- [WHAT THE TASK ASKS] With the pictures left out, write out exactly the lines of the listing below that run from the line with "Anggota Komisi C" through the line with "2016 MINI Clubman".

- [DATA LISTING]
Segment Open
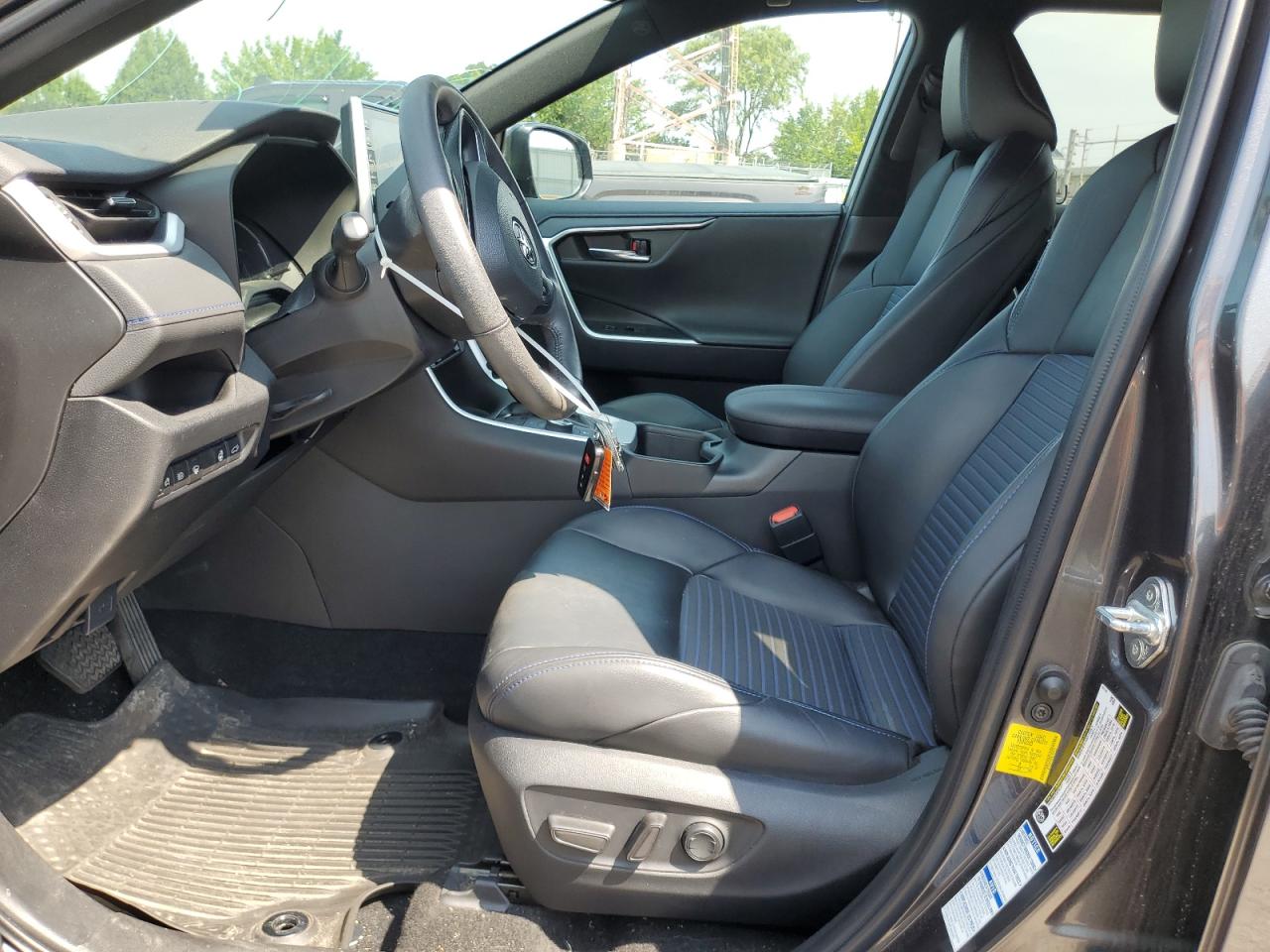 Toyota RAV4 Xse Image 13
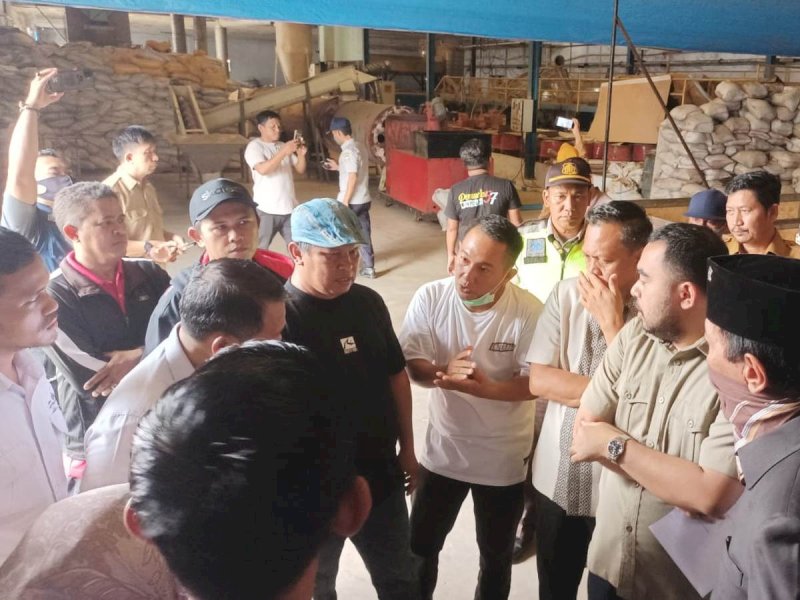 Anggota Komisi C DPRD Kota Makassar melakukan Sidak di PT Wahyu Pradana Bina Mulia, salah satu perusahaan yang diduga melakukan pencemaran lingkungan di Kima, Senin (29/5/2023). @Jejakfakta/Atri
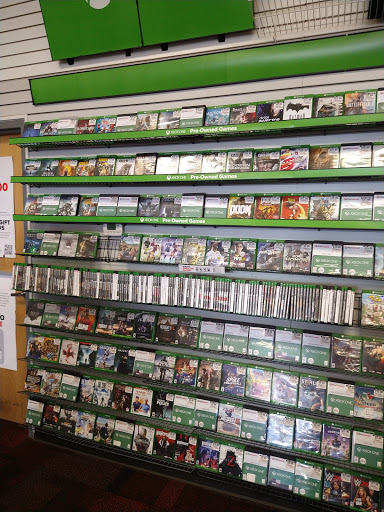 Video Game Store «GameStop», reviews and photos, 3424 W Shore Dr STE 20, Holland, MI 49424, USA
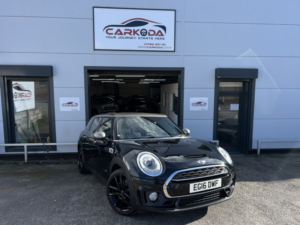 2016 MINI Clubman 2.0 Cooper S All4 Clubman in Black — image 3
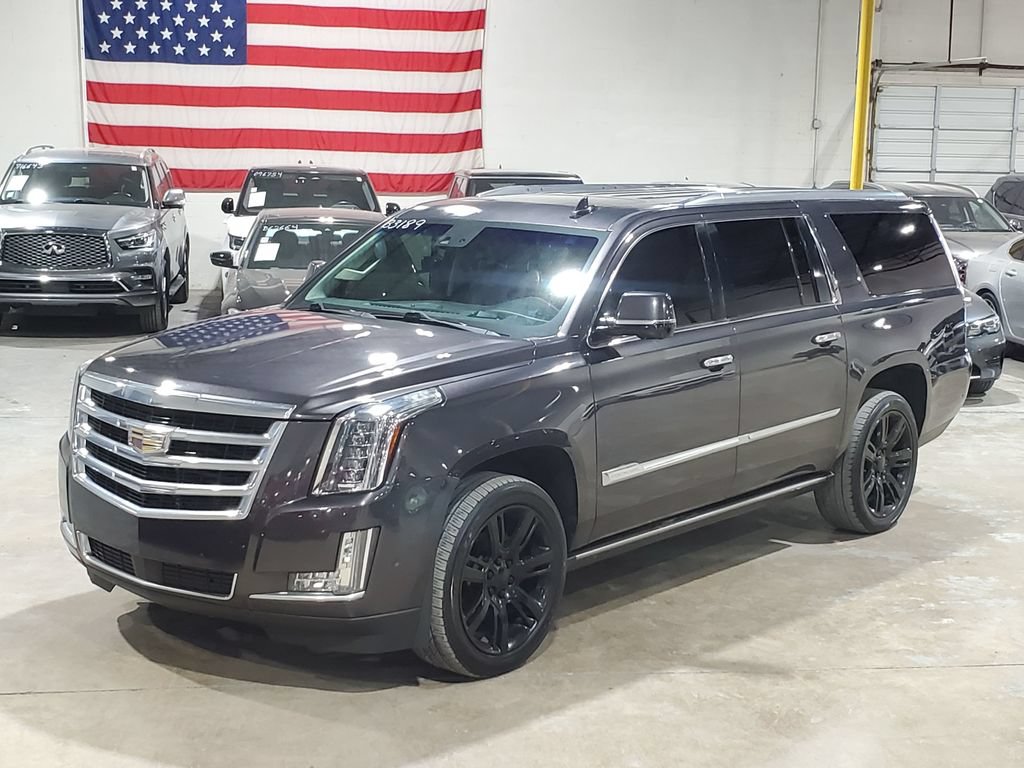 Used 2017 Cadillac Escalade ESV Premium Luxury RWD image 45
Segment Closed
Segment Open
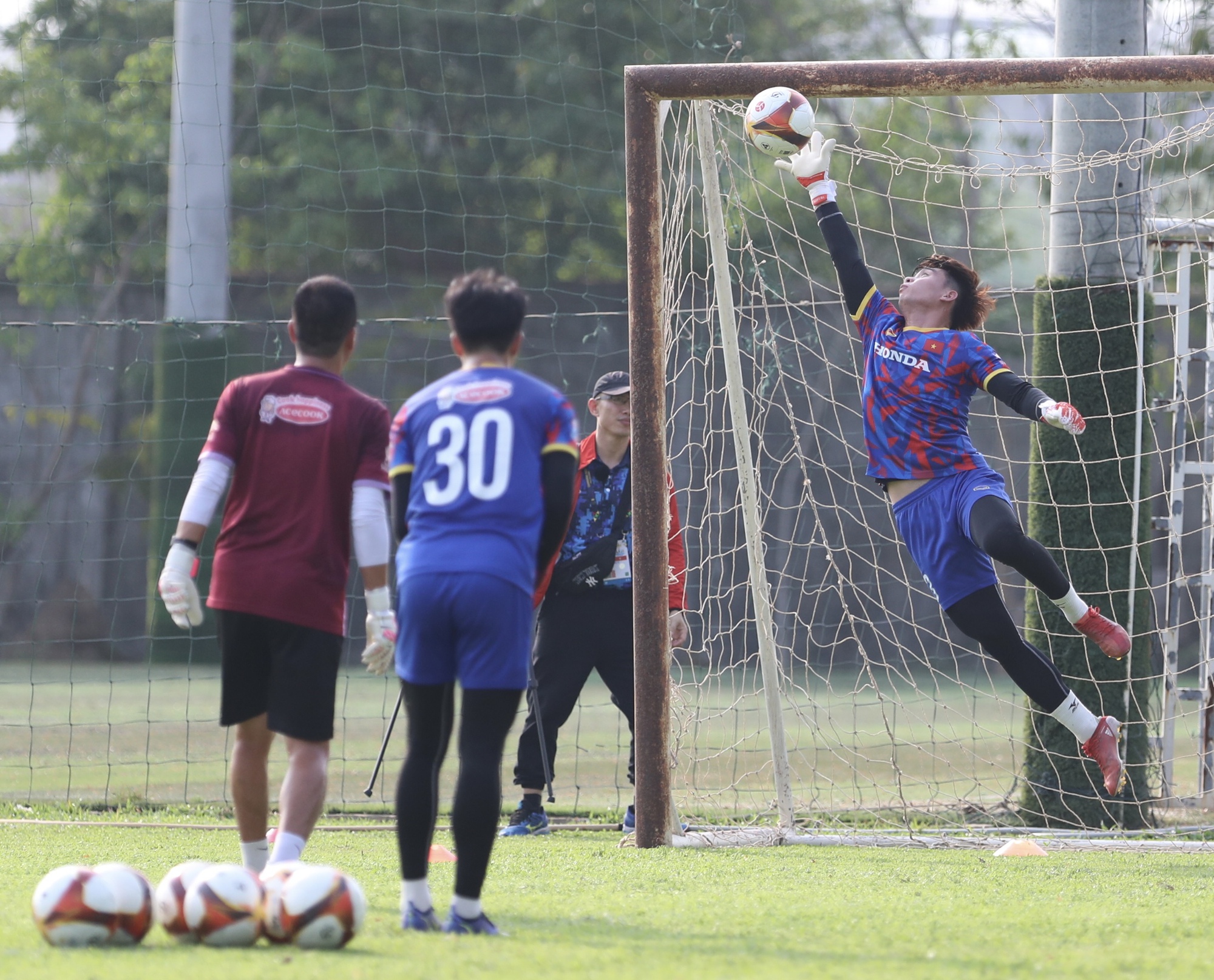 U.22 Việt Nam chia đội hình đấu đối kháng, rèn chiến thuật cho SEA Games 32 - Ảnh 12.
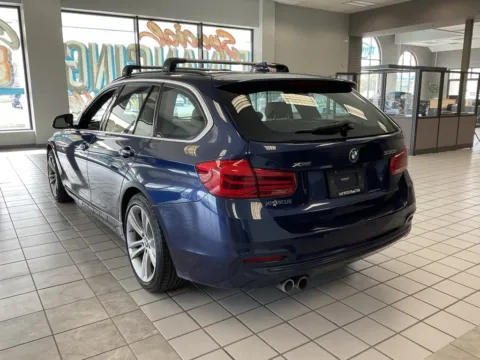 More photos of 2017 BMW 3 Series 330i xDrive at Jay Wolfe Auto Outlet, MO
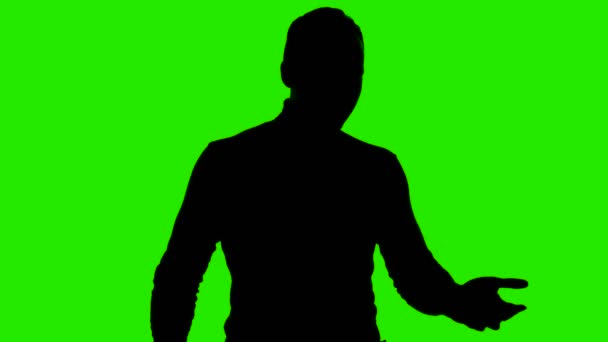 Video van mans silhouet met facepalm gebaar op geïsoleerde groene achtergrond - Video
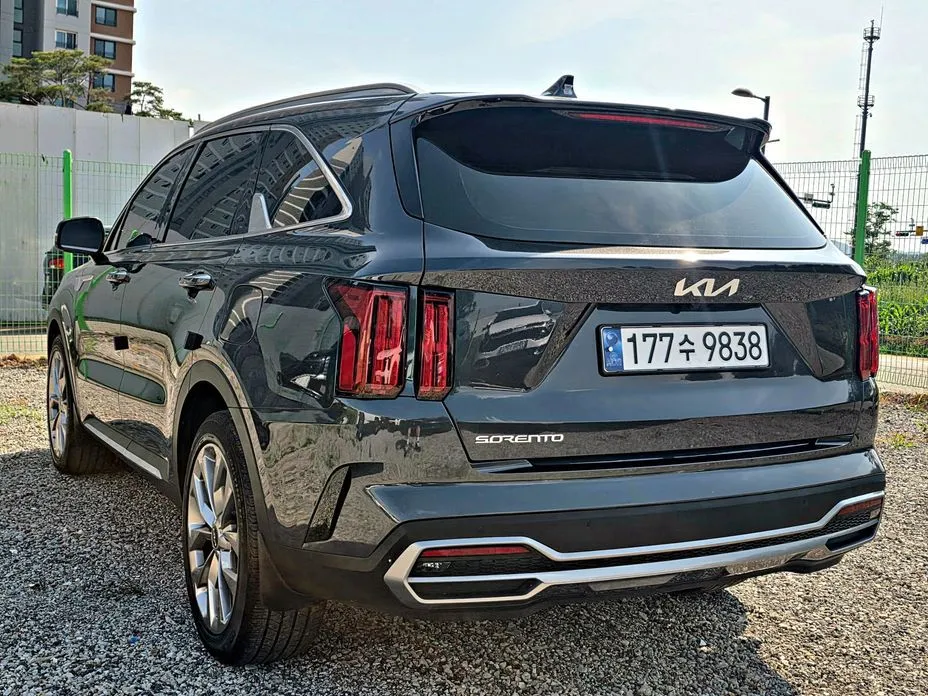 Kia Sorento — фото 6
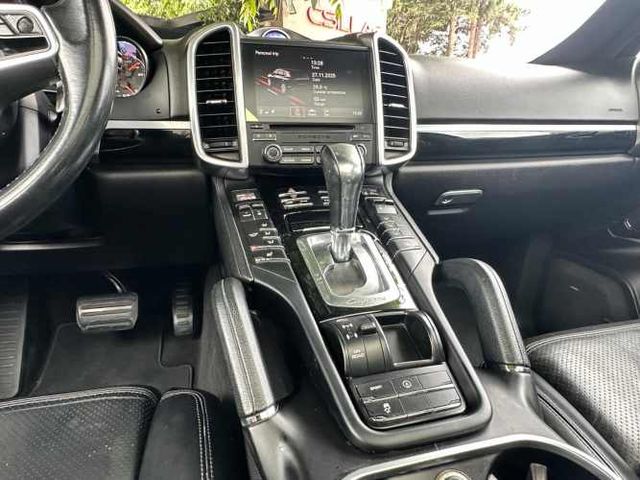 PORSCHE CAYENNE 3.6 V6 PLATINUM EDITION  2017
Segment Closed
- [SOLUTION]
 Anggota Komisi C DPRD Kota Makassar melakukan Sidak di PT Wahyu Pradana Bina Mulia, salah satu perusahaan yang diduga melakukan pencemaran lingkungan di Kima, Senin (29/5/2023). @Jejakfakta/Atri
 Video Game Store «GameStop», reviews and photos, 3424 W Shore Dr STE 20, Holland, MI 49424, USA
 2016 MINI Clubman 2.0 Cooper S All4 Clubman in Black — image 3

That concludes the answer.